▸ GOAL OF THE EXERCISE: Here the job is to transcribe the data verbatim while leaving each picture out.

▸ DATA PROVIDED:
┄┄┄┄┄┄

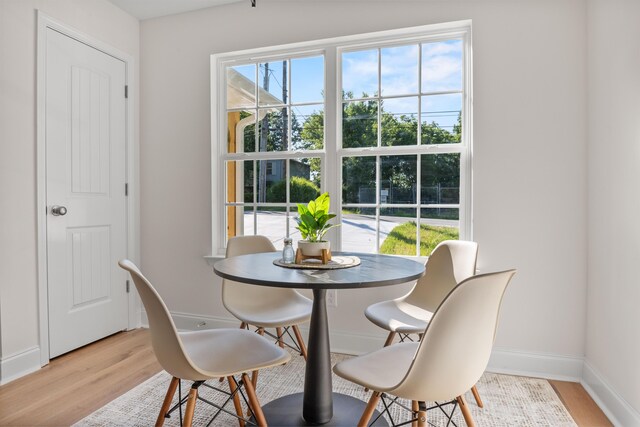 812 Aubrey Ave, Chattanooga, TN 37411 - dining area with light wood-type flooring and baseboards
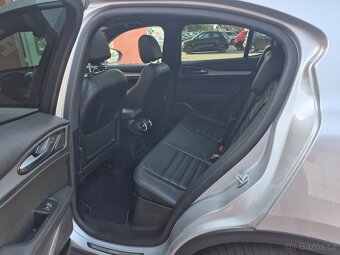 Alfa Romeo Stelvio 2.2 JTDM Sprint Q4 140kW - 11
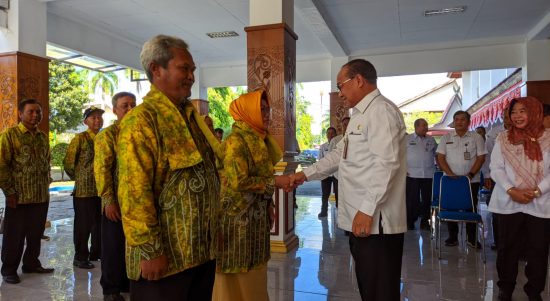 Bupati Tabalong, Anang Syakhfiani melepas keberangkatan kontingen peserta Pekan Nasional (Penas) Kontak Tani Nelayan Andalan (KTNA) XVI 2023. (Kalimantanlive.com/ A Hidayat)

┄┄┄┄┄┄

▸ SOLUTION FOR THIS TASK:
 812 Aubrey Ave, Chattanooga, TN 37411 - dining area with light wood-type flooring and baseboards
 Alfa Romeo Stelvio 2.2 JTDM Sprint Q4 140kW - 11
 Bupati Tabalong, Anang Syakhfiani melepas keberangkatan kontingen peserta Pekan Nasional (Penas) Kontak Tani Nelayan Andalan (KTNA) XVI 2023. (Kalimantanlive.com/ A Hidayat)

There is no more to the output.